[[ Data excerpts, beginning ]]

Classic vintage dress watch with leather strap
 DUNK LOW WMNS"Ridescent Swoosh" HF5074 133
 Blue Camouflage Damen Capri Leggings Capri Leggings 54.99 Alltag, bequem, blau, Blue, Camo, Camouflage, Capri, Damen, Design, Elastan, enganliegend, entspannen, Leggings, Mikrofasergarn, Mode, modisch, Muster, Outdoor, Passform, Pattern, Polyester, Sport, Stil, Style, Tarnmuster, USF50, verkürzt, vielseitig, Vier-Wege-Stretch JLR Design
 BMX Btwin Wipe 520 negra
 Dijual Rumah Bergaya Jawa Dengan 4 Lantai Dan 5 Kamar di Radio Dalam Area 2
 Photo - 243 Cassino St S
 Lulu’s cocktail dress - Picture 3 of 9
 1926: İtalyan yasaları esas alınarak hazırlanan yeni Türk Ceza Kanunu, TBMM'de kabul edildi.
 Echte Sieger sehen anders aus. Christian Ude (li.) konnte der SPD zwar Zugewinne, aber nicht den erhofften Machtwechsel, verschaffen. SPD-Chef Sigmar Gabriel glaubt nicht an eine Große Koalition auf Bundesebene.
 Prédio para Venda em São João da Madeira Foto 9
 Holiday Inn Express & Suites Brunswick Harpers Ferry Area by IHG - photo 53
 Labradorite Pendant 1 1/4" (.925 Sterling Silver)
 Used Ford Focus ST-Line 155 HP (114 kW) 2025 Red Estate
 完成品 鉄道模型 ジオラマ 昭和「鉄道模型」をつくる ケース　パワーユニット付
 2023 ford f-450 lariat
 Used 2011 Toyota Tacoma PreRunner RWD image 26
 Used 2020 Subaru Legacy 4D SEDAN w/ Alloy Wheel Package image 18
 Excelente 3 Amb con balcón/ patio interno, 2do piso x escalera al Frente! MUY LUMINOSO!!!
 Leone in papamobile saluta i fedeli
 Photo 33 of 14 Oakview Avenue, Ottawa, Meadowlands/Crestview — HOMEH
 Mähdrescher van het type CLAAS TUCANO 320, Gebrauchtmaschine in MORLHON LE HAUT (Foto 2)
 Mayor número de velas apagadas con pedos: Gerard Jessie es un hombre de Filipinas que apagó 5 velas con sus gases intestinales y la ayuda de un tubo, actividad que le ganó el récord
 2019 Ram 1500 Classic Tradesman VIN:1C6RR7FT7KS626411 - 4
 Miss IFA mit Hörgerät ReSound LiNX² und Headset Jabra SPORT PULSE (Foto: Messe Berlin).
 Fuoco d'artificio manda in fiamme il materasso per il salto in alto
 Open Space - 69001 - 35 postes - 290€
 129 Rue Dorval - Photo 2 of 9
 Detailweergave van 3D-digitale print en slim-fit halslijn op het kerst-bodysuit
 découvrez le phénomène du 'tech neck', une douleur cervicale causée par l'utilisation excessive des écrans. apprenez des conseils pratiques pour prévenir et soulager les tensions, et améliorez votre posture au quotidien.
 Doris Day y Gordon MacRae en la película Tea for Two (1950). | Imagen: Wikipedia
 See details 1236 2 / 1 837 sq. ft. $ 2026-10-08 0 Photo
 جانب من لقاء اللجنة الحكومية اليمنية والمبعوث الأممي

[[ Data excerpts, end ]]

:: What is expected ::
Report every line in the data that holds "Used", copying each one.

:: Solution to the exercise ::
 Used Ford Focus ST-Line 155 HP (114 kW) 2025 Red Estate
 Used 2011 Toyota Tacoma PreRunner RWD image 26
 Used 2020 Subaru Legacy 4D SEDAN w/ Alloy Wheel Package image 18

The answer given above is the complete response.